The Chicago Faucet Company
- Type: Subsidiary
- Industry: Plumbing
- Founded: 1901; 125 years ago
- Founder: Albert Brown
- Headquarters: Des Plaines, Illinois, United States
- Area served: United States and Canada
- Key people: Fabian Huber (President)
- Revenue: US$270 million (2017)
- Parent: Geberit
- Website: chicagofaucets.com

= Chicago Faucet =

American plumbing fixtures company

The Chicago Faucet Company, often shortened to Chicago Faucets, founded on the near-west side of Chicago, Illinois, United States, has been producing faucets and other plumbing fixtures since 1901. The company founder, Albert C. Brown, invented the Quaturn Cartridge in 1913 that worked with the flow of water to make it both easy to open and close the spigots and forestalled leak development.

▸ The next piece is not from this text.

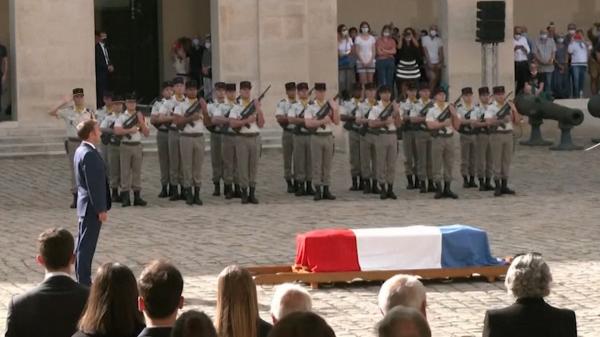 Franţa şi-a luat rămas-bun de la Jean-Paul Belmondo. Macron, discurs emoţionant lângă sicriu, la Domul Invalizilor din Paris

The Great Depression hit the company hard because of a decline in new construction. The company persevered by participating in the Chicago World's Fair of 1933 and briefly converted to the production of nuts, bolts, screws, and parachute hooks during World War II.

In 2002 the Swiss company Geberit AG acquired Chicago Faucet.

Currently the Chicago Faucet Company has its headquarters in Des Plaines, Illinois, and employs over 200 people in Des Plaines, Milwaukee, Elyria, Ohio, and Michigan City, Indiana.

Chicago Faucet has sales in the neighborhood of $270 million a year.